In diesem Sinne interpretierte der gemeinsam mit der M5S regierende Partito Democratico (PD), der einen Tag nach dem Auftauchen der »Sardinen« in Bologna zu einer Parteikonferenz geladen hatte, die neue soziale Bewegung als Herausforderung. Unter dem Motto »Eine ganz andere Geschichte« versuchte die sozialdemokratische Partei, auch mit der organisatorischen Öffnung zu Gewerkschaften, Verbänden und Gruppierungen links des PD, eine programmatische Neuausrichtung einzuleiten. In seiner Rede versprach der Parteivorsitzende Nicola Zingaretti, dass der PD in der Regierungskoalition künftig ein klares ­linkes Profil zeigen werde. Man werde sich für die Abschaffung der »Sicherheitsdekrete«, mit denen die Vorgängerregierung aus Lega und M5S das Asylrecht verschärft und die Seenotrettung kriminalisiert hatte, und damit für eine andere Immigrationspolitik einsetzen. Außerdem werde der PD für die Einführung eines neuen Einbür­gerungsrechts, genannt »ius culturae«, kämpfen, das Kindern und Jugend­lichen, die in Italien einen Schulabschluss gemacht haben, den Zugang zur italienischen Staatsbürgerschaft erleichtern soll.

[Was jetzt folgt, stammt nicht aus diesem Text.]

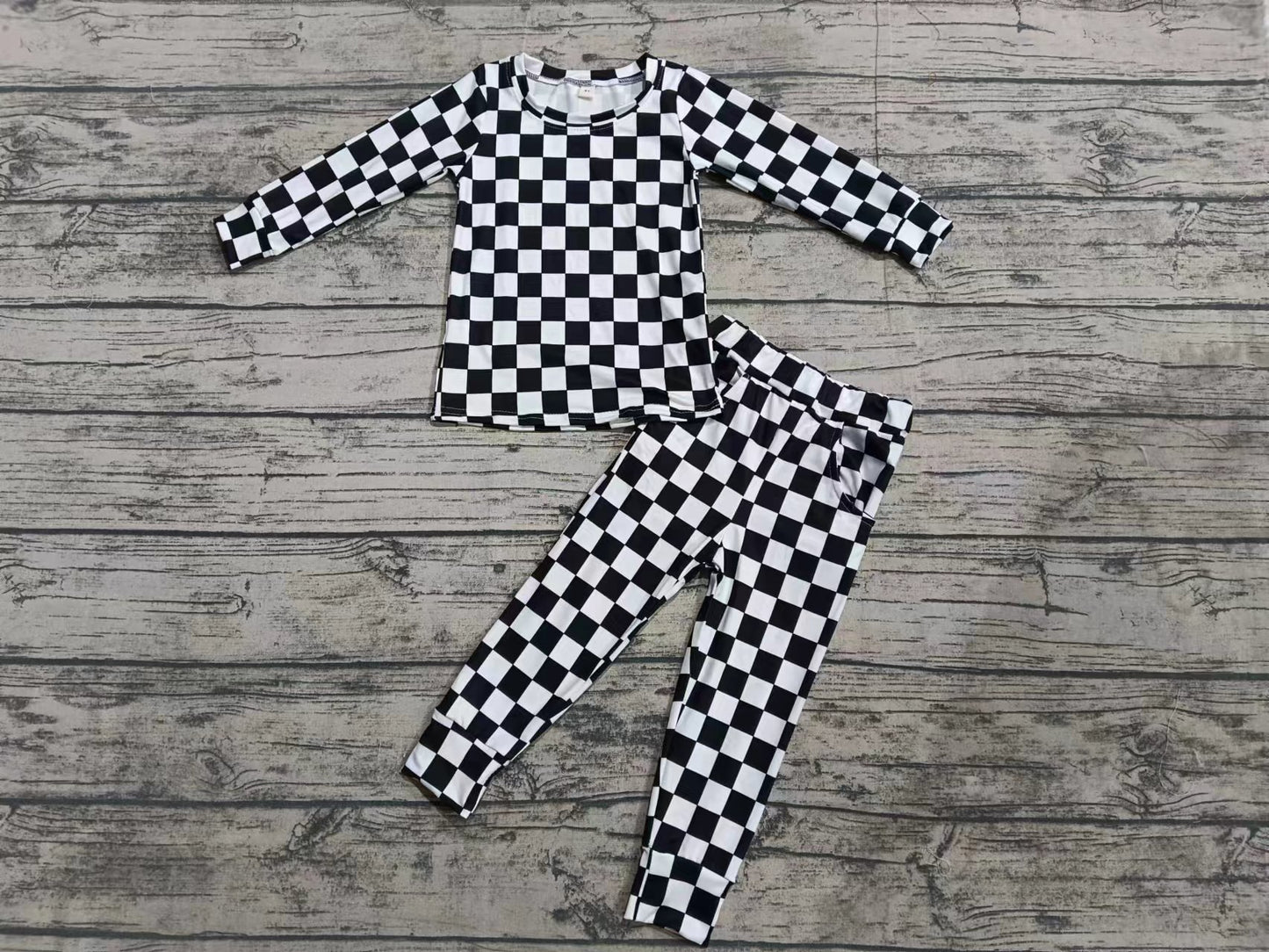 Baby Boy Long Sleeves Checkered Shirt Pocket Pants Pajamas Set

Der Sprecher des M5S, Luigi Di Maio, wies die Vorhaben des Koalitionspartners umgehend zurück und betonte, die Regierung habe angesichts der wirtschaftlichen Misere und der Hochwasserkrisen dringendere Probleme. Die größten Probleme hat jedoch Di Maio selbst. Seinen Vorschlag, der M5S solle wegen der jüngsten schlechten Wahlergebnisse zu den anstehenden Regionalwahlen nicht antreten, lehnten die M5S-Mitglieder vergangene Woche in einer Online-Abstimmung mit deutlicher Mehrheit ab. Allerdings beteiligte sich nur ein Fünftel der Abstimmungsberechtigten und darüber hinaus ließ die Formulierung der Frage offen, ob sich der M5S alleine oder im Bündnis mit dem PD an den Regionalwahlen betei­ligen sollte. 

Am Wochenende mahnte der M5S-Gründer Beppe Grillo die Bewegung einmal mehr, sich mit dem PD auf ein gemeinsames, zukunftsweisendes Programm zu einigen. Dies scheint auch die politische Forderung der »Sardinen« zu sein. Sollten sie über den Jahreswechsel hinaus auf den italienischen Plätzen präsent bleiben, dürfte sich der Wahlkampf bis Ende Januar weiter zuspitzen. Zwischen Salvinis rechtem Bündnis und einem von Zingaretti für zivilgesellschaftliche und ­linke Gruppen geöffneten PD dürfte dann für einen M5S, der weiterhin »weder rechts noch links« sein will, kein Platz mehr sein.